Below this line are records; transcribe exactly the lines between the one holding "Mixer Alto TrueMix" and the one holding "Arena Dynamo Short", inclusive, and omit the pictures.

[Web page caption snippets]
------------------------

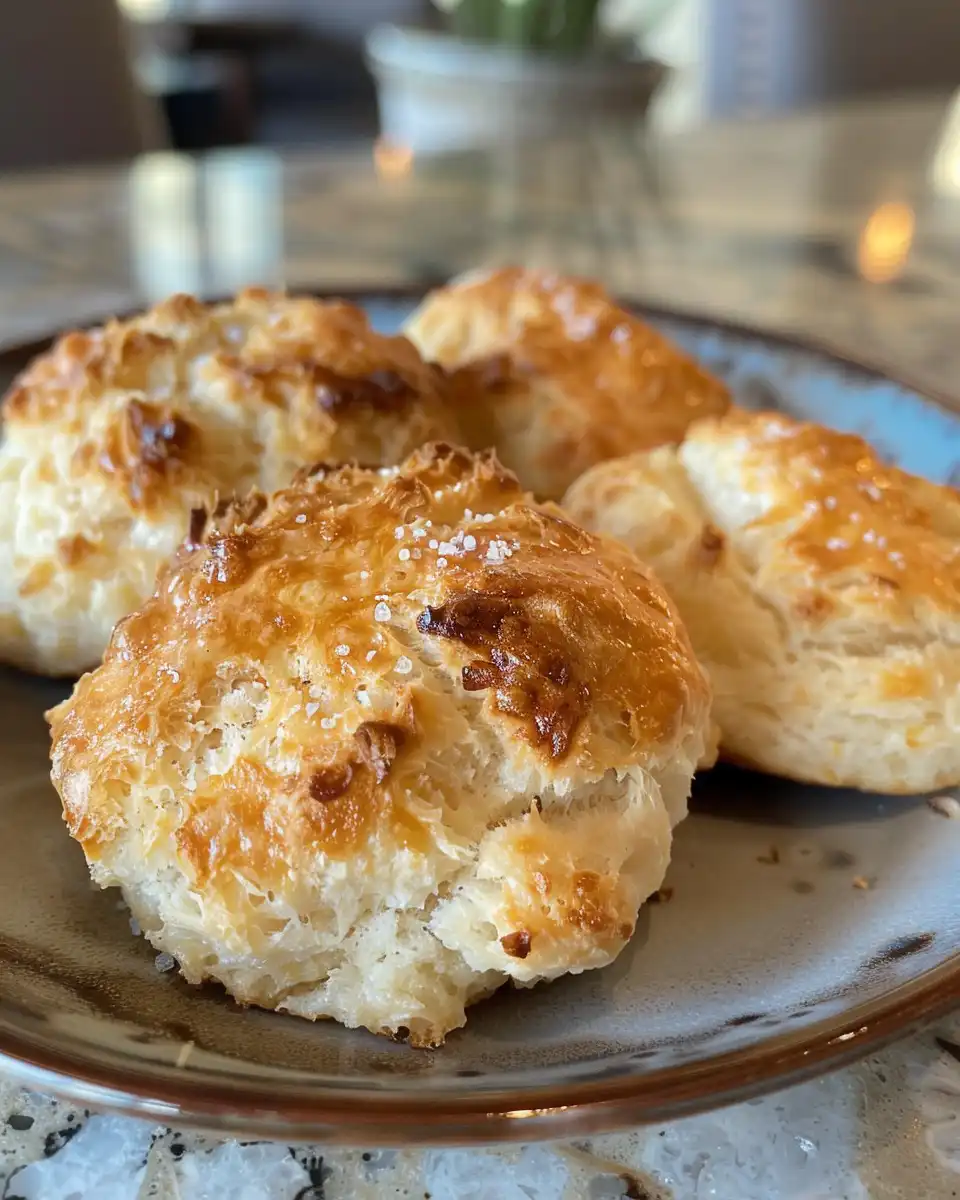 Ingredients laid out for drop biscuits recipe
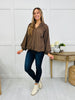The Truffle Dot Blouse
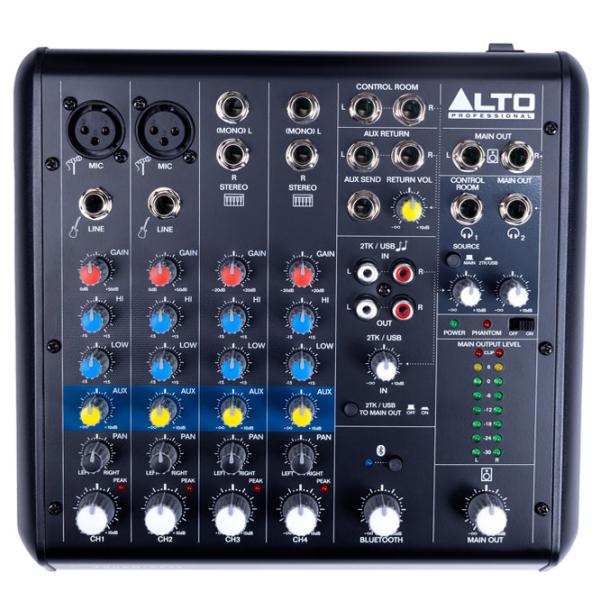 Mixer Alto TrueMix 600 activ / 20 Hz - 22 kHz / Black photo 2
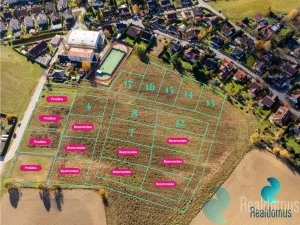 Prodej pozemku pro bydlení, Litvínovice - Šindlovy Dvory, 1006 m2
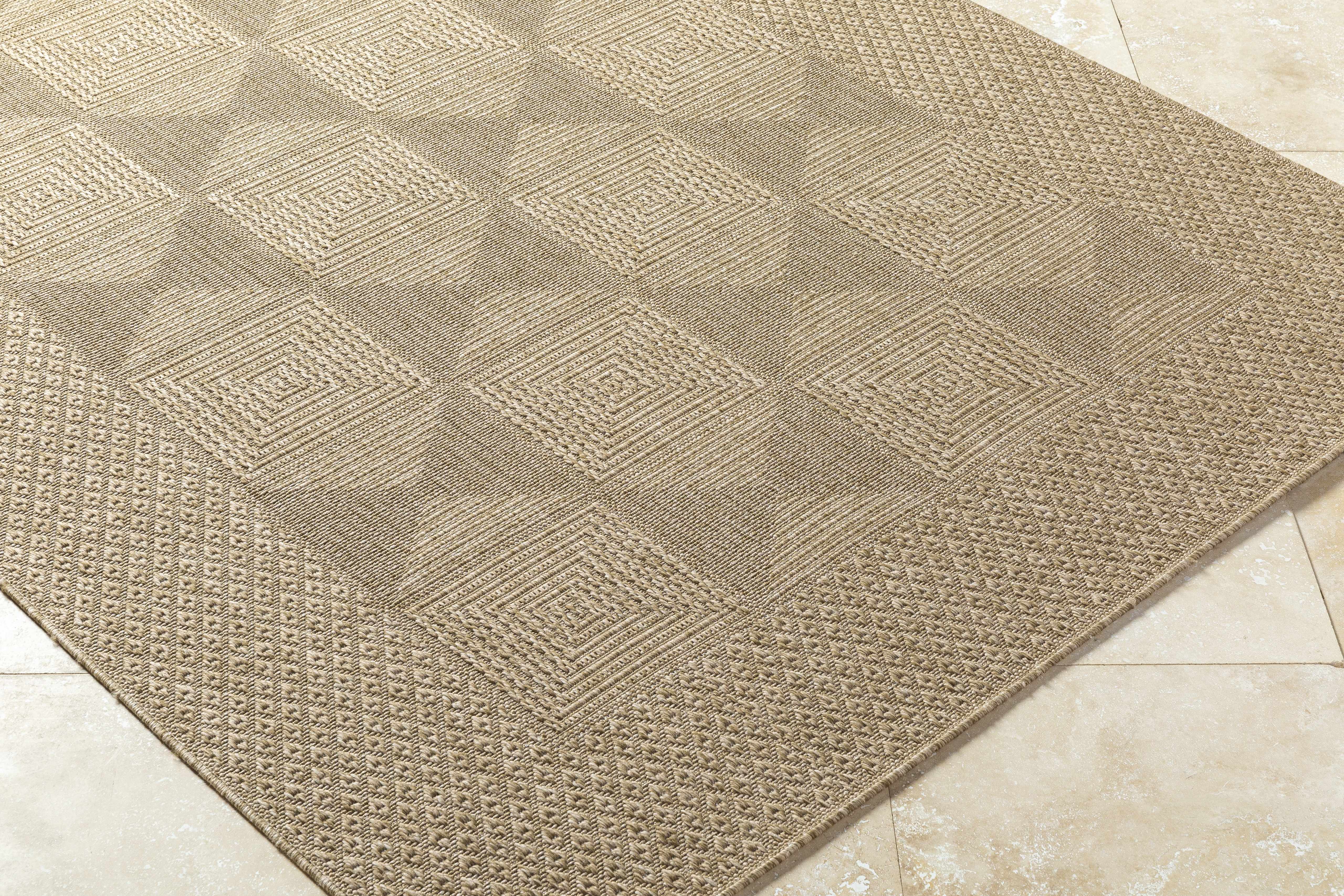 Anabia Brown Area Rug - Image 3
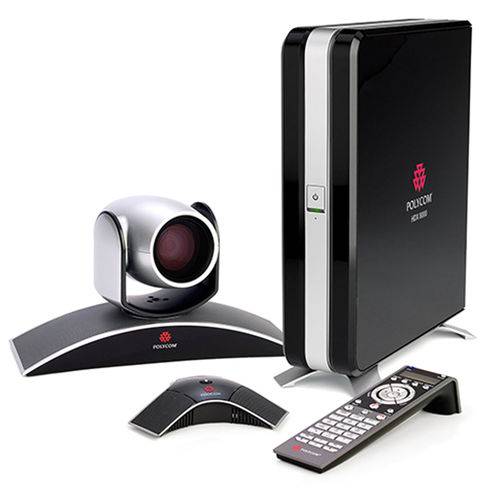 Videoconferência Hdx 8000 1080p 7200 23160 212 - Polycom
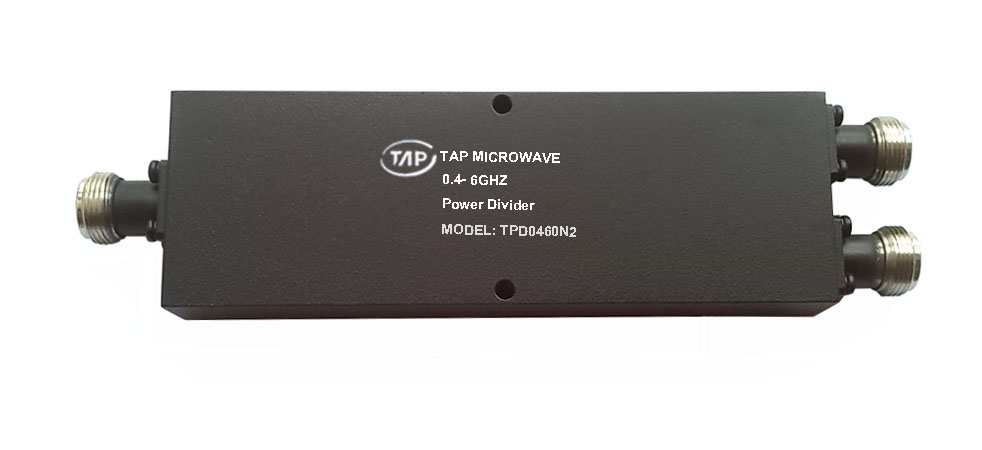 TPD0460N2 0.4-6GHz 2 way power divider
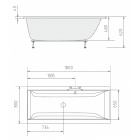   Alpen Cleo 180x80
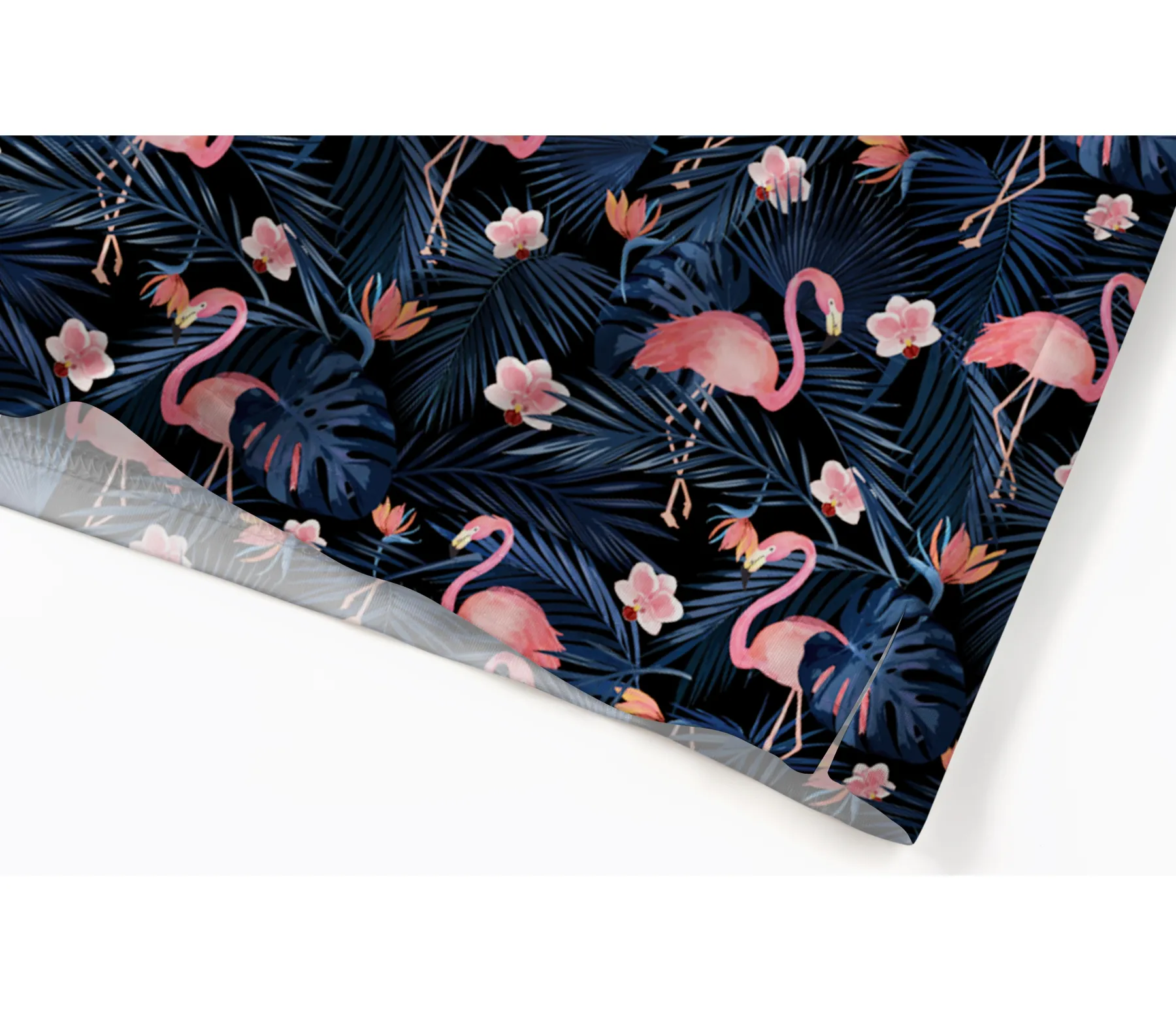 Cherryswing Dancing Flamingo Men's Polo Shirt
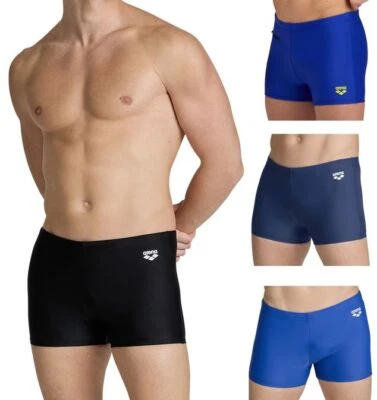 Arena Dynamo Short Badehose 6489 Gr. 5,6,7,8,9,10 schwarz blau 6159zip Badeboxer - Bild 1 von 4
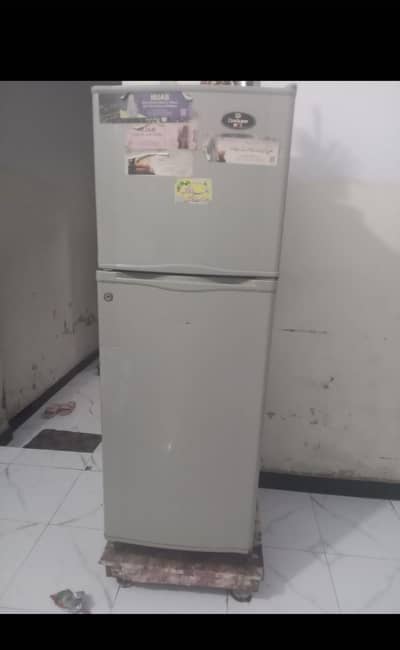 Dawlance Double Door Refrigerator - Good Working Condition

------------------------

Completed exercise -
 Mixer Alto TrueMix 600 activ / 20 Hz - 22 kHz / Black photo 2
 Prodej pozemku pro bydlení, Litvínovice - Šindlovy Dvory, 1006 m2
 Anabia Brown Area Rug - Image 3
 Videoconferência Hdx 8000 1080p 7200 23160 212 - Polycom
 TPD0460N2 0.4-6GHz 2 way power divider
   Alpen Cleo 180x80
 Cherryswing Dancing Flamingo Men's Polo Shirt
 Arena Dynamo Short Badehose 6489 Gr. 5,6,7,8,9,10 schwarz blau 6159zip Badeboxer - Bild 1 von 4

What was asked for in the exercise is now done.